Trigger Conditions: Exhaustion of Risk Reserve Funds
The activation of ADL needs to meet the following core conditions:
Generation of Losses from Liquidations Exceeding Margin
When there are drastic fluctuations in market prices (such as sharp rises or falls in a short period), the positions of some traders are forcefully liquidated due to insufficient margin. If the liquidation price is worse than the bankruptcy price (that is, the actual loss exceeds the margin), losses from liquidations exceeding margin will occur.
Failure of the Risk Reserve Buffer
The platform first uses the risk reserve funds to absorb the losses from liquidations exceeding margin. The risk reserve funds are composed of the platform's own funds and the remaining funds from forced liquidations.
Breaching the Trigger Threshold
When the risk reserve funds are exhausted or rapidly decline to the threshold, the system activates the ADL.
Priority Rules: Profitable Positions First
The liquidation order of ADL is strictly ranked by the platform's algorithm, with the core indicators being the **profit level** and the **leverage multiple**:
Calculation Logic of Priority
Unrealized profit and loss / Margin * Margin ratio.
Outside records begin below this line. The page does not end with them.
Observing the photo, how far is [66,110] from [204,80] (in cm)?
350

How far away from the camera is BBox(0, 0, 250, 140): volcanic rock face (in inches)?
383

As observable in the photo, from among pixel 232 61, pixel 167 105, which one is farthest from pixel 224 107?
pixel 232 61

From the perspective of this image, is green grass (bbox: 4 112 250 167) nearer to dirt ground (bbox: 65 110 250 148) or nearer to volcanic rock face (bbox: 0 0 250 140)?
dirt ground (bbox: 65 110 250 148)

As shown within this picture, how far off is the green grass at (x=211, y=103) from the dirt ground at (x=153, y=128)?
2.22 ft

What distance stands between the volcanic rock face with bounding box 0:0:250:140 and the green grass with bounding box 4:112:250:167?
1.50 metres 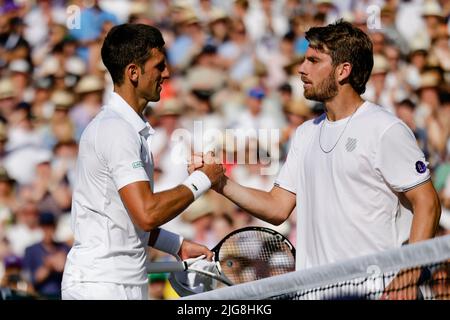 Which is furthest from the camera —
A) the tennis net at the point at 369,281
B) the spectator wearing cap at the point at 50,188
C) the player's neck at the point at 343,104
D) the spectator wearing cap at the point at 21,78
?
the spectator wearing cap at the point at 21,78

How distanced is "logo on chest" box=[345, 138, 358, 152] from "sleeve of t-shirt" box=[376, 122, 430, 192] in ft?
0.48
Traders with higher profits and higher leverage multiples will be liquidated first.
Typical Case
Suppose a sharp market decline causes a large-scale liquidation of BTC long positions. When the platform activates the ADL, short position users with a 10x leverage and a 50% profit will be preferentially deleveraged, while short position users with low leverage and low returns may be spared.
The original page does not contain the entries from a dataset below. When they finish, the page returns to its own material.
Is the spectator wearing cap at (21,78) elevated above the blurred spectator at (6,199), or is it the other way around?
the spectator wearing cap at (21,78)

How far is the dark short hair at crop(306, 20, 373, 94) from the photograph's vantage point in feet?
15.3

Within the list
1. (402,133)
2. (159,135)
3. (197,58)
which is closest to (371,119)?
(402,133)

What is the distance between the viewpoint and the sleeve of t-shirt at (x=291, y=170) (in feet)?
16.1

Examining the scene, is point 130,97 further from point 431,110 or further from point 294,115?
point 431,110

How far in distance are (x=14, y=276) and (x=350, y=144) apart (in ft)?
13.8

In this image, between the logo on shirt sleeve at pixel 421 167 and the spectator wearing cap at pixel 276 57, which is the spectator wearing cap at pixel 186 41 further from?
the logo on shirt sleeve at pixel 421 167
Execution Process and Impact
System Operation Steps
Position Screening: The system generates an ADL queue according to the priority rules, and profitable positions in the opposite direction (such as short positions during a sharp decline) enter the candidate pool.
Forced Liquidation: Forcibly liquidate the positions at the top of the queue at the bankruptcy price or the marked price, and the profit difference enters the insurance fund pool.
User Notification: Users whose positions are deleveraged will receive an email notification, and all active orders will be closed.
Impact on Users
Profitable Users: Unrealized profits may be cleared to zero. For example, if a user holds a BTC short position with a 10x leverage, and the market crashes triggering the ADL, their position may be liquidated at the bankruptcy price, and the profit will be zero.
Losing Users: The losses from liquidations exceeding margin are covered jointly by the insurance fund and ADL, but they need to bear the uncertainty of the platform's risk control rules.
User Response Strategies
Risk Monitoring
Check ADL Indicators: The platform displays the ADL risk level in the position interface.
Pay attention to platform announcements and regularly check for rule updates.
Position Management
Reduce the Leverage Multiple: Reduce the position risk. For example, reducing the leverage from 10x to 5x can significantly reduce the ADL priority.
Diversify Positions: Avoid over-concentrating positions in a single contract to reduce the probability of triggering ADL due to the risk of a certain variety.
Coping with Extreme Market Conditions
Close Positions in Advance: Actively reduce positions before drastic market fluctuations to avoid being passively triggered by ADL.
Use Hedging Tools: Hedge risks through a combination of strategies such as spot trading to reduce reliance on contracts.
Summary and Suggestions
ADL is the "last line of defense" for cryptocurrency contract trading. Its core value lies in **preventing systemic risks**, but it cannot completely eliminate individual losses. Users need to note:
ADL is Not Omnipotent: In extreme market conditions , ADL may not be able to cover all the losses from liquidations exceeding margin, leading to the suspension of trading on the platform.
Dynamic Adjustment of Rules: There are significant differences in the ADL mechanisms of different platforms, and trading strategies need to be adjusted according to the specific rules.
Principle of Risk Bearing: Even if ADL is triggered, users are still responsible for the losses of their positions, and the platform only provides a limited risk buffer.
It is recommended that traders strictly control their positions in contract trading, avoid relying on the ADL mechanism, and regularly check the platform documents to understand the latest risk control rules.